Filsuf George Berkeley, dalam karyanya, A Treatise Concerning the Principles of Human Knowledge (1710), menuliskan, "Tetapi, katakanlah, pasti tidak ada yang lebih mudah bagi saya untuk membayangkan sebuah pohon, misalnya di taman [...] dan tidak seorang pun ada untuk melihatnya.[1] [...] Objek-objek inderawi hanya ada saat mereka dirasakan; pohon itu ada di kebun [...] tak lama kemudian, ketika ada seseorang untuk merasakannya."[2] (Perlu dicatat bahwa kutipan dari pasal 45 dapat dibilang merupakan pernyataan dari sebuah 'keberatan' terhadap pandangan Berkeley, dan bukan sebuah proklamasi darinya.) Meskipun demikian, Berkeley tidak pernah benar-benar menulis tentang pertanyaan itu.[3]

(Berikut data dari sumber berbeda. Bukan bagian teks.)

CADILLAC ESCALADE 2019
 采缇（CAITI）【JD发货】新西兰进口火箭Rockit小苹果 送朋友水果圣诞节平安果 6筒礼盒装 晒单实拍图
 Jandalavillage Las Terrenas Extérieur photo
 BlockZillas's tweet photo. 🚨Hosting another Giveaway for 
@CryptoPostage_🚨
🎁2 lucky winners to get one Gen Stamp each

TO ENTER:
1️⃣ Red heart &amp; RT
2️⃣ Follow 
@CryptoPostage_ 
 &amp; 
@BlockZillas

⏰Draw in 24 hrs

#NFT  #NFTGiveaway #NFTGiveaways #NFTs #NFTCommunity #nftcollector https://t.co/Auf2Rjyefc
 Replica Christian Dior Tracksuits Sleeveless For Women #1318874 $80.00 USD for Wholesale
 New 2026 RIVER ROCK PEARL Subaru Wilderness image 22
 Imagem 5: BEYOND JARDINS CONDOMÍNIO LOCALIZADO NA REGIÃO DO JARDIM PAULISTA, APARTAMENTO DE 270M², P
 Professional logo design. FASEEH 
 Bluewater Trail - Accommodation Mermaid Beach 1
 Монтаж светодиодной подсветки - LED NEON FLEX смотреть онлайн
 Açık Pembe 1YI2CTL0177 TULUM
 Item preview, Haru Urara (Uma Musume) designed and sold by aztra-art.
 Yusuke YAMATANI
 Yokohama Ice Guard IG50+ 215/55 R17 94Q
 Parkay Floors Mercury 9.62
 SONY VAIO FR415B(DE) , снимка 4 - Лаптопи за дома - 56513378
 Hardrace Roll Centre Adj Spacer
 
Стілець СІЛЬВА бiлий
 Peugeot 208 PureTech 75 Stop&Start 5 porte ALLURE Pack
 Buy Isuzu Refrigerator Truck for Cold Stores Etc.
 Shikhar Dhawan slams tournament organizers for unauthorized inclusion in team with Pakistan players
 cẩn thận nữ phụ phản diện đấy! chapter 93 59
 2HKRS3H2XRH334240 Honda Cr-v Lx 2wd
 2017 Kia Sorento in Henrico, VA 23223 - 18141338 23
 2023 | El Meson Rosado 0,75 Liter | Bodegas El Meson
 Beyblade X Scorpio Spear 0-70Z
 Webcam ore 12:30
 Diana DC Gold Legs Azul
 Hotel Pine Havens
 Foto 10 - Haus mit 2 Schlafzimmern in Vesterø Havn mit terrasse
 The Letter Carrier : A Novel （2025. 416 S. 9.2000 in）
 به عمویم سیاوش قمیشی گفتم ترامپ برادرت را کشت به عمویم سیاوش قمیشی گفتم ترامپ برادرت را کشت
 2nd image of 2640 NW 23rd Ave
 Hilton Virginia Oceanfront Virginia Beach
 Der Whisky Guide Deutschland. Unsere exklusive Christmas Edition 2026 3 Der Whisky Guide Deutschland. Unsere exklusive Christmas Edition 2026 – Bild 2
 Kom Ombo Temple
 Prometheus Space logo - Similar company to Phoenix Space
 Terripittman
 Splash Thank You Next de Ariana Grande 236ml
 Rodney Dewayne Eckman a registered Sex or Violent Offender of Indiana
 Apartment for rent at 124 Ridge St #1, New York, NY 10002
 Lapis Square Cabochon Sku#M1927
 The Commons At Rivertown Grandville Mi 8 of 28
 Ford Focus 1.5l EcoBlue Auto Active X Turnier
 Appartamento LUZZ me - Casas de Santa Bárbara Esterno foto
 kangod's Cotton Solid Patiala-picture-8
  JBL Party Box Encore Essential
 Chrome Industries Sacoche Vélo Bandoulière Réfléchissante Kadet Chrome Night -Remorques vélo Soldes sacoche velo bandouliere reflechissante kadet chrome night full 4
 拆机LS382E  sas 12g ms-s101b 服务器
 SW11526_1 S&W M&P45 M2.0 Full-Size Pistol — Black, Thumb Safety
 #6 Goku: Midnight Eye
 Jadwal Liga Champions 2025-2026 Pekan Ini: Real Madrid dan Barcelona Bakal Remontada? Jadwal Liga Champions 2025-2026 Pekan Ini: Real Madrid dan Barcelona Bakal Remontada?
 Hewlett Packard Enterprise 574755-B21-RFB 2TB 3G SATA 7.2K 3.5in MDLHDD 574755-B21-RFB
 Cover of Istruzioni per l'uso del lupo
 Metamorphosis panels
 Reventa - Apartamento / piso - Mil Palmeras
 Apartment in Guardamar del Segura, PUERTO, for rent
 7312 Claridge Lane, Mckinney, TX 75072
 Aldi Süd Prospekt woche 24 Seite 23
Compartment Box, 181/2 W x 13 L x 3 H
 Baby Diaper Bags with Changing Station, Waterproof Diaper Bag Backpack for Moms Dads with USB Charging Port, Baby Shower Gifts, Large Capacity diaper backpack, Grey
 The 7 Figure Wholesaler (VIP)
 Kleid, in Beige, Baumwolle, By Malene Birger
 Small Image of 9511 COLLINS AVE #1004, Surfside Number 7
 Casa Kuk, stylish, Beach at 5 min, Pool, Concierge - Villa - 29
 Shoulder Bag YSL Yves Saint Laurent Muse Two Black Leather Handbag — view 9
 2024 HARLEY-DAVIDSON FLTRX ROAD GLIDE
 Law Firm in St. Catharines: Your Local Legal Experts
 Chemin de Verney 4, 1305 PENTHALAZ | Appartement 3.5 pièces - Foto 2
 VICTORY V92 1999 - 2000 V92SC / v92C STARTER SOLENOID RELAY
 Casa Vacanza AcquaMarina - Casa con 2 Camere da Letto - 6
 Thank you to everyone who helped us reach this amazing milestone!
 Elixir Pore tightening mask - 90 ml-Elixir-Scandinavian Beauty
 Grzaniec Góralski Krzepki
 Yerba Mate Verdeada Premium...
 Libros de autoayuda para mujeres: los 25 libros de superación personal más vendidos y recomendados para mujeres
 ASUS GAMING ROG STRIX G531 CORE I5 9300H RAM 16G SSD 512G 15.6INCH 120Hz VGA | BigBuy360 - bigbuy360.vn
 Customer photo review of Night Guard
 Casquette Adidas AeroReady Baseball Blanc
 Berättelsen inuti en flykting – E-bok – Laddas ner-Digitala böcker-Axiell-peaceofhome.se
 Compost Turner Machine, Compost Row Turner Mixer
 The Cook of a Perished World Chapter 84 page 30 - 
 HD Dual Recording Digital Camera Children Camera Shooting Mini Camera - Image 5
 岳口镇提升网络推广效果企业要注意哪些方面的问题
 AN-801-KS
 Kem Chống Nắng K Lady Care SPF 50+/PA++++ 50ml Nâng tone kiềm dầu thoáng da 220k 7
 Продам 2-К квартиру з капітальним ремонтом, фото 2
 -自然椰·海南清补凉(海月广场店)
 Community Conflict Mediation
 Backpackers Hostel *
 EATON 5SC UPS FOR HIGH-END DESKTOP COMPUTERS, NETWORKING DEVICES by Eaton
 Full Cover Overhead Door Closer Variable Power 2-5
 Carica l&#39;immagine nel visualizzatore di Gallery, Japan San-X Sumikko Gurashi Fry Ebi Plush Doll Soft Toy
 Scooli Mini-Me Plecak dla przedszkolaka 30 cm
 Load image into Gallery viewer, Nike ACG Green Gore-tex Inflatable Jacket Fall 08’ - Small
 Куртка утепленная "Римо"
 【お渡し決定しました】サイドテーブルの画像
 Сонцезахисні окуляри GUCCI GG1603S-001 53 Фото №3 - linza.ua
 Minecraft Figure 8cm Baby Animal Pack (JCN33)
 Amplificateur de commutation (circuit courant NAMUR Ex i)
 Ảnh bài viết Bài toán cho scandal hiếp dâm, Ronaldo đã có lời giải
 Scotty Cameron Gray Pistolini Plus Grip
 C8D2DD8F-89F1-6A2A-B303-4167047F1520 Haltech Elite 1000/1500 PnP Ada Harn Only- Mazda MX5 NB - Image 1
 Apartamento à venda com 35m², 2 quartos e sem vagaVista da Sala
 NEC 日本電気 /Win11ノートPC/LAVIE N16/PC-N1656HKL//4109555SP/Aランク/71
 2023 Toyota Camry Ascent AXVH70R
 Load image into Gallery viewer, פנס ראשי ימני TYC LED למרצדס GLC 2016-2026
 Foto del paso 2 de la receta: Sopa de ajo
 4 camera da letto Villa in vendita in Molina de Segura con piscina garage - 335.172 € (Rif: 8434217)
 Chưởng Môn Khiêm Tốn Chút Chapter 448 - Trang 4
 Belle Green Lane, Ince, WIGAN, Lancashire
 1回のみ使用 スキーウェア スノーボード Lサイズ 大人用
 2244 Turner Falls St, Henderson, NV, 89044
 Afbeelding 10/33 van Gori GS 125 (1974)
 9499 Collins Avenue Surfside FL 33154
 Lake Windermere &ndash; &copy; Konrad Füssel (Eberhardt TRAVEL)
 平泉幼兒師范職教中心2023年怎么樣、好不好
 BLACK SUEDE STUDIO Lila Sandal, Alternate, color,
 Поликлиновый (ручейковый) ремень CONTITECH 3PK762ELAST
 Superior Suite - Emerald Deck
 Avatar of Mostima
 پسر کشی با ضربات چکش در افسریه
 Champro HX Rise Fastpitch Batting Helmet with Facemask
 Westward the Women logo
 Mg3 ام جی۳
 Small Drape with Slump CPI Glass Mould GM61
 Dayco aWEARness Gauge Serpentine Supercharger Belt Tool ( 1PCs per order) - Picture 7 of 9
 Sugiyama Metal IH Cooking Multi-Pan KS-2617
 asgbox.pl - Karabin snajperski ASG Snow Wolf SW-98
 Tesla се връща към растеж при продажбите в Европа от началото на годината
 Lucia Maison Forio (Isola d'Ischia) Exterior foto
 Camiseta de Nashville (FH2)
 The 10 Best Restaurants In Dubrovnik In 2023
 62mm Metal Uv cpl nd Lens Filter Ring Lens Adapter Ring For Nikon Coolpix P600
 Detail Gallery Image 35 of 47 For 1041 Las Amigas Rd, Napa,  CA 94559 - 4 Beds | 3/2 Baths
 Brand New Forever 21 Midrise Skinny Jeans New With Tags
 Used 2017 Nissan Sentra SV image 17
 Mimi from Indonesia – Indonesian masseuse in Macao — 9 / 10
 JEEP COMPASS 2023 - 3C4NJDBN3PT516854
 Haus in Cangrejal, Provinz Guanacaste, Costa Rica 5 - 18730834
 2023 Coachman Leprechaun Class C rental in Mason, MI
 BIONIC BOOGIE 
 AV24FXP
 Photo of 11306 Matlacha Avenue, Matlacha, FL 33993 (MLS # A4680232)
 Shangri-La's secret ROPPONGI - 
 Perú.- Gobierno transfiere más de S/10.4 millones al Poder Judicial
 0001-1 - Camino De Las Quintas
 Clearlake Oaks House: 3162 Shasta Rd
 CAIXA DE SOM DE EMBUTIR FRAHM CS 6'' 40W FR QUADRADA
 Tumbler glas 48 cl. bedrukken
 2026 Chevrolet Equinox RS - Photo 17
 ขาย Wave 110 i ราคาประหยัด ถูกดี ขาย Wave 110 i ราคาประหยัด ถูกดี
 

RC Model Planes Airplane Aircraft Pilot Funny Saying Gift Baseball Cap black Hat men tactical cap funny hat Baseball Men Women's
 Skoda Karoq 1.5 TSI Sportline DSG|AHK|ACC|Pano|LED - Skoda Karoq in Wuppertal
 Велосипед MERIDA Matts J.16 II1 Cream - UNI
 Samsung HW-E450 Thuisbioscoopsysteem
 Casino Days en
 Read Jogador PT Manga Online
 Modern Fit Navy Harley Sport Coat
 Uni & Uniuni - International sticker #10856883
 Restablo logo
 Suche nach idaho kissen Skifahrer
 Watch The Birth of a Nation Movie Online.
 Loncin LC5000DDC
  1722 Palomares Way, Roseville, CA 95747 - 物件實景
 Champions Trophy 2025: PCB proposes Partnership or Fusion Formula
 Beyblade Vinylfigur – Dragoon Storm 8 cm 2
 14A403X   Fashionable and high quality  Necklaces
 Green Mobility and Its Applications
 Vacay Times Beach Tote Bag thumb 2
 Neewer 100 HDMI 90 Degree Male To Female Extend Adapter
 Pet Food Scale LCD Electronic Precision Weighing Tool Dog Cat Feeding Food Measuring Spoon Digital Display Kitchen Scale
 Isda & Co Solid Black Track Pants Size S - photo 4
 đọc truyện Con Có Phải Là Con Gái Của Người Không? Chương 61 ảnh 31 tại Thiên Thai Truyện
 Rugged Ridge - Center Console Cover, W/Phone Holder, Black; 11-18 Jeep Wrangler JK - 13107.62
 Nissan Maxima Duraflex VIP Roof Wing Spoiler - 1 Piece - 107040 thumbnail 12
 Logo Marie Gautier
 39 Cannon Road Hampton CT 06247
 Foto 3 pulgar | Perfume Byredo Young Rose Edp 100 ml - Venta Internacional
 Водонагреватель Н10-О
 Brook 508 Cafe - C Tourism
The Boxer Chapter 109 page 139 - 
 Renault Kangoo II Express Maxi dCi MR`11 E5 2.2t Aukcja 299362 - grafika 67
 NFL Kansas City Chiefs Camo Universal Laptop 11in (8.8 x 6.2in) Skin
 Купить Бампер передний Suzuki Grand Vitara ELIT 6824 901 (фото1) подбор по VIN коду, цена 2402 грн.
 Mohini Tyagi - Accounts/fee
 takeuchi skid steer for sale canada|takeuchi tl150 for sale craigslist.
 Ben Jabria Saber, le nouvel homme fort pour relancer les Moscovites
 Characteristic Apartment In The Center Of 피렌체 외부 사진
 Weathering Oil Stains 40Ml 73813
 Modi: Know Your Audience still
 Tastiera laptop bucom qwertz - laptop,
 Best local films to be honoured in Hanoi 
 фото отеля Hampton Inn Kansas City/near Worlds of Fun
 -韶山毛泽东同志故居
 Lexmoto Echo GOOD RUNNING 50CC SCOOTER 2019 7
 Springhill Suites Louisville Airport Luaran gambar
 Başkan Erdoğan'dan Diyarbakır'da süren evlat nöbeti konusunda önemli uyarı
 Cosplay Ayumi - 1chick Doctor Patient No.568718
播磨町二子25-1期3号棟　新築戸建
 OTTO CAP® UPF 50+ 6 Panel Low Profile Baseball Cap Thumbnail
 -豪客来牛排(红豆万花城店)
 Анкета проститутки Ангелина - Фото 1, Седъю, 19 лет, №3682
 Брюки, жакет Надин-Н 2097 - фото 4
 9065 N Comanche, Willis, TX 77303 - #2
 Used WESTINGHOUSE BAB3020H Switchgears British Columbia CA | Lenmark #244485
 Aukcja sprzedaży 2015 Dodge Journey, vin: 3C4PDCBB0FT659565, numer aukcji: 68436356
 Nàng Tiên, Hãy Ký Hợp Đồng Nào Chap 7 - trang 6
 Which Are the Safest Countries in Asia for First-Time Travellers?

Beberapa tahun kemudian, pertanyaan serupa diajukan. Tidak diketahui apakah sumber pertanyaan ini adalah Berkeley atau bukan. Pada bulan Juni 1883 di majalah The Chautauquan, terdapat sebuah pertanyaan, "Jika sebatang pohon jatuh di sebuah pulau yang tidak ada manusianya, akankah ada suaranya?" Mereka kemudian melanjutkan menjawab pertanyaan itu dengan, "Tidak. Suara adalah sensasi yang kuat di telinga saat udara atau media lainnya bergerak."[4] Hal ini tampaknya menyiratkan bahwa pertanyaan tersebut diajukan bukan dari sudut pandang filosofis, tapi dari sisi ilmiah semata. Majalah Scientific American menguatkan aspek teknis dari pertanyaan ini, sementara meninggalkan sisi filosofisnya, setahun kemudian ketika mereka mengajukan pertanyaan yang sedikit diubah kalimatnya, "Jika sebuah pohon jatuh ke pulau tak berpenghuni, apakah akan bersuara? "Dan memberikan jawaban yang lebih teknis, "Suara adalah getaran, ditransmisikan ke indra kita melalui mekanisme telinga, dan dikenali sebagai suara hanya di pusat syaraf kita. Jatuhnya pohon atau gangguan lainnya akan menghasilkan getaran udara. Jika tidak ada telinga yang bisa mendengarnya, tidak akan ada suara."[5]

Albert Einstein dikatakan pernah bertanya kepada rekan fisikawan dan temannya Niels Bohr, salah satu perintis mekanika kuantum, apakah dia secara realistis percaya bahwa 'bulan tidak ada jika tidak ada seorangpun yang melihatnya.' Bohr menjawab bahwa betapapun kerasnya dia (Einstein) mencoba, dia tidak akan dapat membuktikannya, sehingga menjadikan seluruh teka-teki itu semacam konjektur mutlak—yang tidak dapat dibuktikan ataupun dibantah.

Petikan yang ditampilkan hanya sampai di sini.